Sql-server – SQL Server 2005 standard filegroups / files for performance on SAN

database-performancegroupsperformance-tuningsql serversql-server-2005

I submitted this to stack overflow (here) but realised it should really be on serverfault. so apologies for the incorrect and duplicate posting:

Ok so I've just been on a SQL Server course and we discussed the usage scenarios of multiple filegroups and files when in use over local RAID and local disks but we didn't touch SAN scenarios so my question is as follows;

I currently have a 250 gig database running on SQL Server 2005 where some tables have a huge number of writes and others are fairly static. The database and all objects reside in a single file group with a single data file. The log file is also on the same volume. My interpretation is that separate data files should be used across different disks to lessen disk contention and that file groups should be used for partitioning of data. However, with a SAN you obviously don't really have the same issue of disk contention that you do with a small RAID setup (or at least we don't at the moment), and standard edition doesn't support partitioning.

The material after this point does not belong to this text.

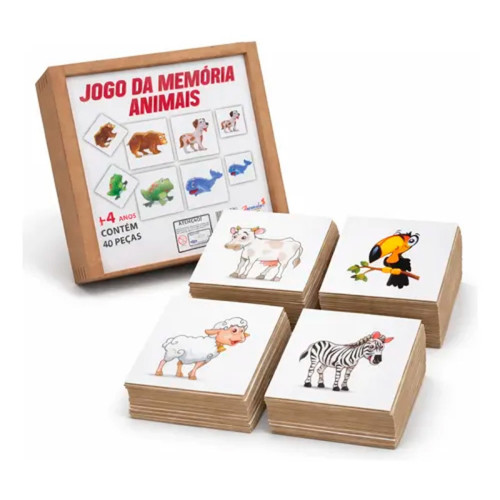 Jogo Memória Animais 40pcs MDF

So in order to improve parallelism what should I do?

My understanding of various Microsoft publications is that if I increase the number of data files, separate threads can act across each file separately. Which leads me to the question how many files should I have. One per core? Should I be putting tables and indexes with high levels of activity in separate file groups, each with the same number of data files as we have cores?

Thank you

Best Answer

  • Every file group should have X data and log files, with X being the number of task manager visible cores - this allows optimal IO behavior.

  • This is particularly important for the tempdb - files are sometimes completely locked for the SQL Server, when extents (groups of 8 pages) are allocated / freed. Tempdb allcoates a LOT of objects.

  • Distributing for multiple discs makes only sense for better IO. A good SAN - may saturate the driver's outstanding IO capabilities (Queue length often maxes at 256 PER DISC), so a good SAN may require multiple discs to keep enough IO outstanding to fully utilize it.

  • But even without a good SAN, multiple files avoid the bottleneck of having single file access when doing inserts etc.

  • Having more than the mentioned X makes no sense - as maximum every core can run one thread at a given time. ALlocation is atomic, so every core will not switch threads while doing that. But X cores may all want extends at the same time ;)

  • As important: properly format the discs. Make sure (pre 2008 server) partitions are aligned, make sure you format the discs with a 64kb node size - otherwise you may waste up to 40% of your IO performance right there.

  • Partitioning does not enter into this game at all ;)